I'm doing a car simulator.
- The car makes a turn with maximum steering 30 degrees.
- With a distance of 4 meters between the two axes of the car, its
turning radius is $\frac{4}{\tan 30}$ = 6.93 meters. - The total steering time (from 0 to 30 degrees or from 30 than 0
degrees is 2 seconds). - If the car moves at 10 m/s, its angular velocity will be $\frac{10}{6.93}$ = 1.443 radians (or 82.68 degrees per second)
My question is: knowing that the car takes 2 seconds to steer from 30 to 0 degrees, and that it is on a steady curve at maximum steering (30 degrees), at a speed of 10 m/s, if the car starts to steer back when it reaches the zero degree of the curve, what will be the final degree of the car when its wheel is fully aligned with the car (0 degrees)?

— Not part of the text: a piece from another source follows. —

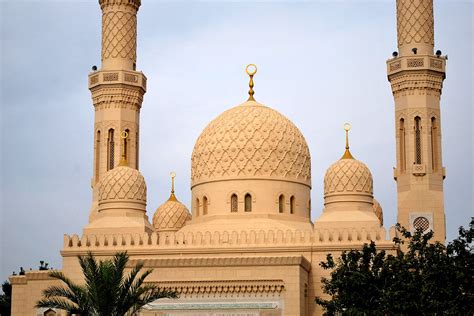 visit  jumeirah mosque  dubai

This might seem simple, but the problem is that as the car decreases the steering, the angular velocity will also shifting and changing everything else.

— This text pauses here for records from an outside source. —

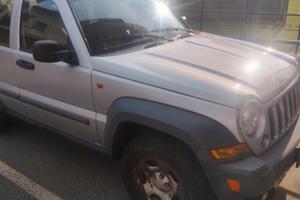 jeep Cherokee 2,8 crd 2005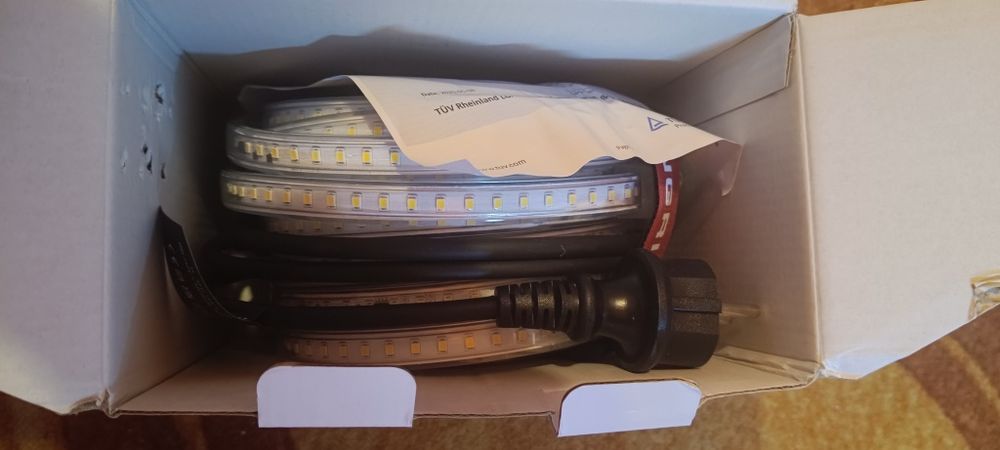 Lampa LED budowlana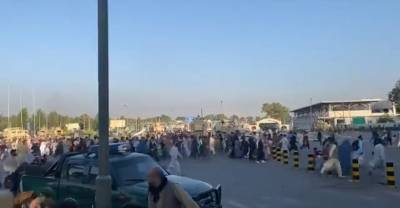 Толпа прорвалась на ВПП в аэропорту Кабула, военные США начали стрелять в воздух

In the animation below, the car has the same specifications above. The steering is at 30 degrees and when the car arrives from the bottom of the curve (0 degrees), it reverses the steering from 30 to 0 degree in 2 seconds. The final angle of the car is 78.54 degrees.
Best Answer
First, construct a function that describes the steering angle as a function of time. In this case, it seems to be $$\theta(t) = \begin{cases} \frac{15\text{°}}{1\;\text{s}} t, & 0\;\text{s} \le t \lt 2\;\text{s} \\ 30\text{°}, & 2\;\text{s} \le t \lt T + 2\;\text{s} \\ \frac{15\text{°}}{1\;\text{s}} (T + 4\;\text{s} - t), & T + 2\;\text{s} \le t \le T + 4\;\text{s} \\ \end{cases} \tag{1}\label{NA1}$$ where and $T$ is the duration of steering angle being kept at $30\text{°}$. Note that $\text{°}$ and $\text{s}$ are not variables, but denote angular and time units (degrees and seconds), respectively.
Next, construct a function $\dot{\varphi}(t)$ that describes the rate at which the car turns as a function of time, given the steering angle $\theta(t)$ and the car speed $v$.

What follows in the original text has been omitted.